PROBLEM TO WORK ON:
Below is a listing; retype exactly the lines between the one containing "女排最新胜者：北京队强势逆袭！" and the one containing "什么牌子的洗发露好(什么牌子的洗发露好用) 什么牌子的洗", inclusive, minus the pictures.

RECORD SET:
┌────────
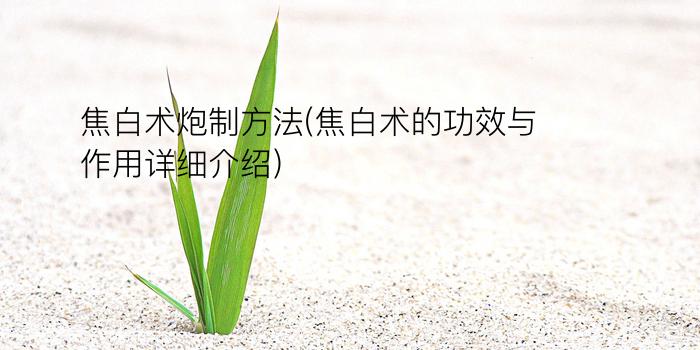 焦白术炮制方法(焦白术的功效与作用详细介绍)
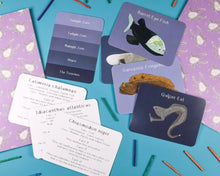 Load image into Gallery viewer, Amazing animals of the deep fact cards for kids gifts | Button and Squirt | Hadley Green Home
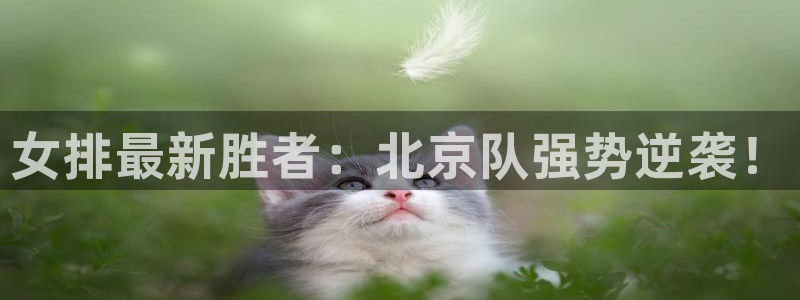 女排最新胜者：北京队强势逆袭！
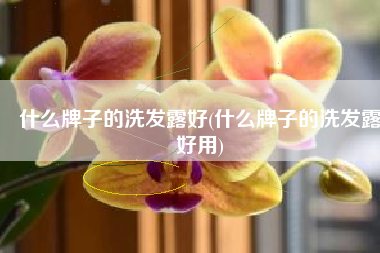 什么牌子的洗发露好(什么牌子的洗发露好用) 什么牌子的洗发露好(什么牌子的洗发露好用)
└────────
┌────────
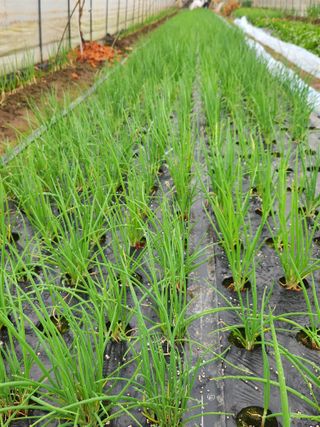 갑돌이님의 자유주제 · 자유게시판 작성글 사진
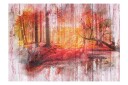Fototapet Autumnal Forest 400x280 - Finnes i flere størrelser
└────────
RESULT OF THIS EXERCISE:
 女排最新胜者：北京队强势逆袭！
 什么牌子的洗发露好(什么牌子的洗发露好用) 什么牌子的洗发露好(什么牌子的洗发露好用)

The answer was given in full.